- Born: 1969 (age 56–57) Cape Town, South Africa
- Occupations: Senior Lecturer in Fine Art at Michaelis School of Fine Art, photographer

= Svea Josephy =

Svea Josephy is currently an Associate Professor in Fine Art (photography) at the Michaelis School of Fine Art at the University of Cape Town. She is best known for her work with "twin towns," where she draws parallels between settlements and suburbs surrounding South African cities to other places around the world. More recently she had contributed towards an artist led research, training and mutual learning programme, known as the sustainable darkroom, which promotes photographic practices that are environmentally friendly. Josephy's work has been displayed in numerous exhibitions both nationally and internationally.

== Background ==
Born in 1969, Svea Josephy was raised in Cape Town, South Africa and currently resides in Rondebosh, a primarily residential southern suburb of Cape Town. Josephy first became interested in photography when she was a child. She had a darkroom in her home when her stepfather went through an amateur photography phase, which prompted her interest in photography. Her first camera was an old Olympus Trip 35. Today however, she mostly uses a Hasselbald camera.

== Studies ==
Josephy completed her Bachelor of Arts (in Fine Art) at the Michaelis School of Fine Art at the University of Cape Town, in the late 1980s to early 1990s. Josephy then in 2001, completed her Master of Fine Arts cum laude at the University of Stellenbosch.

== Work ==
Josephy's primary focus in her photographic work has been the study of how identity and landscape are constructed. Specifically, she is most well known for drawing parallels between "twin towns" in South Africa and in other parts of the world. Her project of "twin towns" examines the peculiar names of South Africa's settlements and suburbs. Examples include: Sun City, Lost City, Lapland, Beverley Hills, Egoli, Cuba, Kosovo, Lusaka, Malibu, Hyde Park, Green Park, Lavender Hill, Athlone, Harare, Waterfront, Potsdam, Bosnia, Beirut, Iraq and Hanover Park. These names evoke certain images that can be connected and related to various parks, streets, cities and countries located all over the globe.

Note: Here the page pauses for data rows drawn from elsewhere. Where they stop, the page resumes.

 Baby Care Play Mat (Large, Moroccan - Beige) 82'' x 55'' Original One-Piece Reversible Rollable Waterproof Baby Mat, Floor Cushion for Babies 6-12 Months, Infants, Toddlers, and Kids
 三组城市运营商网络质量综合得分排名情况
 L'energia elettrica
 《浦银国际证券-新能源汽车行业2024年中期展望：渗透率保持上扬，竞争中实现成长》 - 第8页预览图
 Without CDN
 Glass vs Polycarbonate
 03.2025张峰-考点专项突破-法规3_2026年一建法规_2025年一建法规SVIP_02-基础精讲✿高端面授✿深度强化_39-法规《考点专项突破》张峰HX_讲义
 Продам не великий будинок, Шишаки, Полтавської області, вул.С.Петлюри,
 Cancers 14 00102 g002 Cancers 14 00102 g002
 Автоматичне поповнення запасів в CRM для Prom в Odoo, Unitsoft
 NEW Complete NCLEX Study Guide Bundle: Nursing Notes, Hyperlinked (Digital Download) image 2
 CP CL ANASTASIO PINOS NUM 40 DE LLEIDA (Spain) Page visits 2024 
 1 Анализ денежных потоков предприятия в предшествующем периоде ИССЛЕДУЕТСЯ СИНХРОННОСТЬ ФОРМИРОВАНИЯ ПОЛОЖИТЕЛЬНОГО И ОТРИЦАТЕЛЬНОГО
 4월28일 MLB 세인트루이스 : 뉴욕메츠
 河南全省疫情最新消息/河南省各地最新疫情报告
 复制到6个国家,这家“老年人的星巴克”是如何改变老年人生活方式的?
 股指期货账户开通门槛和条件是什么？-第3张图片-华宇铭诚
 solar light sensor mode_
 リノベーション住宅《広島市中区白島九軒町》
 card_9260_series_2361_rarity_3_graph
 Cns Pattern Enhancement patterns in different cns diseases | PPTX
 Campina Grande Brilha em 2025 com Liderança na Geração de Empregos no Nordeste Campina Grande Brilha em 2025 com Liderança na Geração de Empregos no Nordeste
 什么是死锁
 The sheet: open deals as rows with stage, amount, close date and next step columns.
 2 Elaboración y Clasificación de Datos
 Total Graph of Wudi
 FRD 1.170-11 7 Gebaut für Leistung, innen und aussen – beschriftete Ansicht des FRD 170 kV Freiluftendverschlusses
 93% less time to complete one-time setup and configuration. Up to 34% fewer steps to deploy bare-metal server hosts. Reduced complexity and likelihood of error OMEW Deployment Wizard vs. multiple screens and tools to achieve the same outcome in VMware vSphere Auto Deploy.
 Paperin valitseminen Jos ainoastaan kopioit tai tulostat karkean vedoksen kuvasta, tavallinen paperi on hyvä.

In 2016 Josephy exhibited Satellite Cities: Naming Worlds at the Wits Art Museum.

== Awards and scholarships ==
Josephy has received the following awards and scholarships: Prix du Ministre de la Culture DAKART 2010 9th biennial of Contemporary African Art, IFAM, Dakar, Senegal, the Gordon Institute for Performing and Creative Arts (GIPCA) Project Award (2009), National Arts Council Award (2008), the A.W. Mellon Emerging Scholars Award (2008), Malan Trust Curatorship Award (2007), Harry Crossley Scholarship (2000), Maggie Laubscher Scholarship (1999), Simon Gerson Prize (1993) and the Irma Stern Scholarship (1992).